「2023年は過去12万5000年で最も暑い年になった」。国連機関の観測データから、専門家はこう分析する。確かに日本でも11月に「夏日」が連続するなど、異常さは際立っていた。「24年も今年と同レベルの高気温になる」との予測が既に出ており、私たちは高温、豪雨、干ばつなど気候変動と共存しなければならない時代となった。
気候変動で最も大きな打撃を受けるのは、地球上の人口の約60%が住むアジアである。22年にはパキスタンで大規模な洪水が発生した。国土の3分の1以上が水没するという大災害になり、1500人以上が亡くなった。今年は高気温、渇水で、アジア各地が穀物の収穫に打撃を受けた。世界のコメ輸出の40%近くを占めるインドは、国内のコメ需給逼迫(ひっぱく)に備え、7月に高級米以外のコメ輸出の制限に踏み切った。ロシアのウクライナ侵攻以降、安全保障を理由にした食料輸出規制は世界で頻発しているが、気候変動による減産リスクはより大規模に起きる可能性が高まっている。

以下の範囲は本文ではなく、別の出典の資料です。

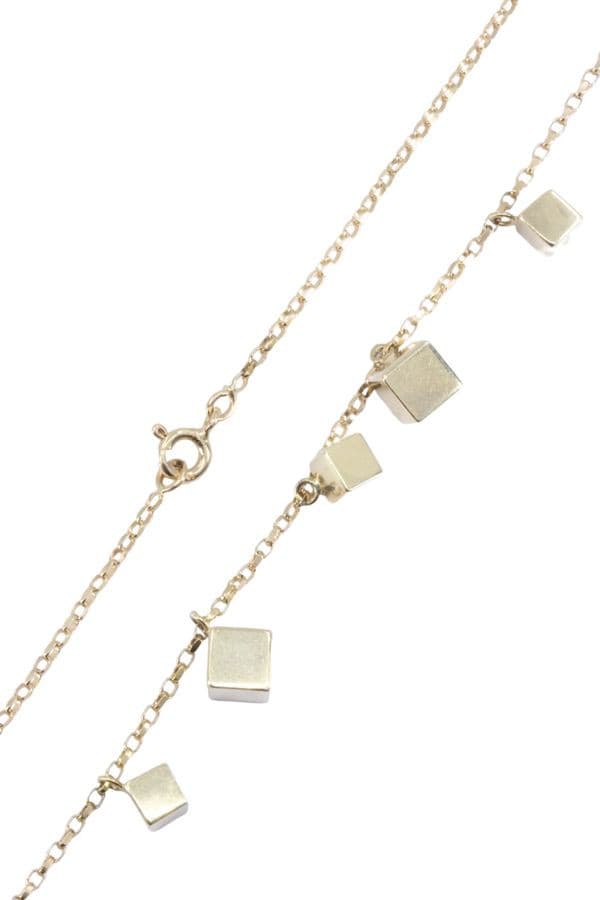 Collier Cubes - photo 3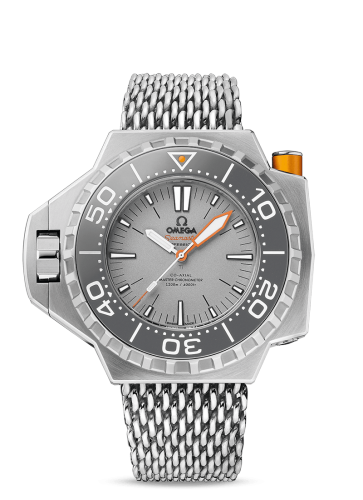 Seamaster PloProf Co-Axial Master Chronometer Titanium / Grey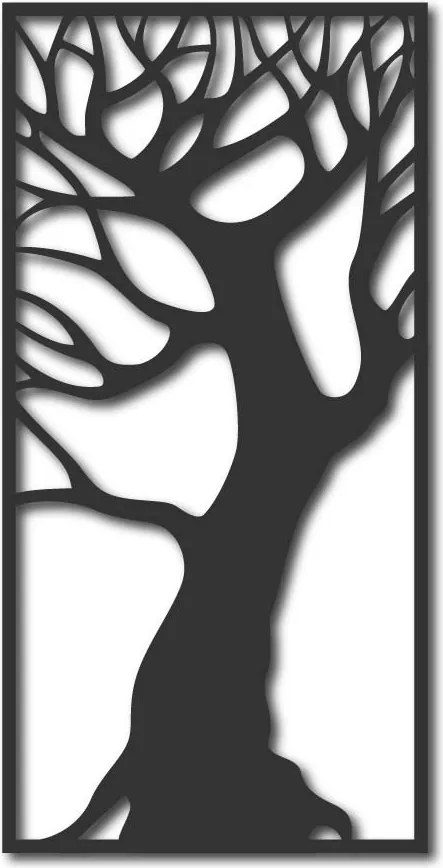 Drevený obraz na stenu strom - ROBUSTT: Prírodná preglejka - Topoľ natural 30 x 15 cm 3785-37768 PR0192 HEU-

台湾では、少雨による別のリスクが主力産業を襲った。洗浄工程で大量の水を必要とする半導体産業が、生産停止の瀬戸際に追い込まれ、軍が工業用水をトラック輸送した。工業用水の不足は世界的な現象だが、降雨が比較的安定しているアジアのモンスーン地域は、渇水の影響が欧米、アフリカに比べて小さい。
水に恵まれた日本は、台湾のTSMCの熊本進出、同じ台湾のPSMCの宮城進出など、半導体産業誘致に優位性を発揮している。水が豊かといっても、先端半導体の生産を目指して北海道千歳市に工場を建設中のラピダスは、自社向けの工業用水の送水管新設に198億円を負担せざるを得なかった。隠れた気候変動との闘いである。
海水面の上昇は、特定の国にとって深刻な気候変動。日本のアパレル業界が依存を深めているバングラデシュは、国土の約60%が海抜5m以下という平坦な国土である。海水面の上昇とヒマラヤ氷河の溶解による河川流量の増大で、国土の水没リスクが高まっている。国連の予測では、2080年には現在の国土の40%が海面下になる可能性が高い。豊富な労働力など工場進出では有望な国だが、気候変動がのしかかりつつある。
グローバルな気候変動は、日本の中小企業にとっても原料調達、工場進出などで現実的なリスクになってきている。事業戦略で気候変動への意識を高めていく必要がある。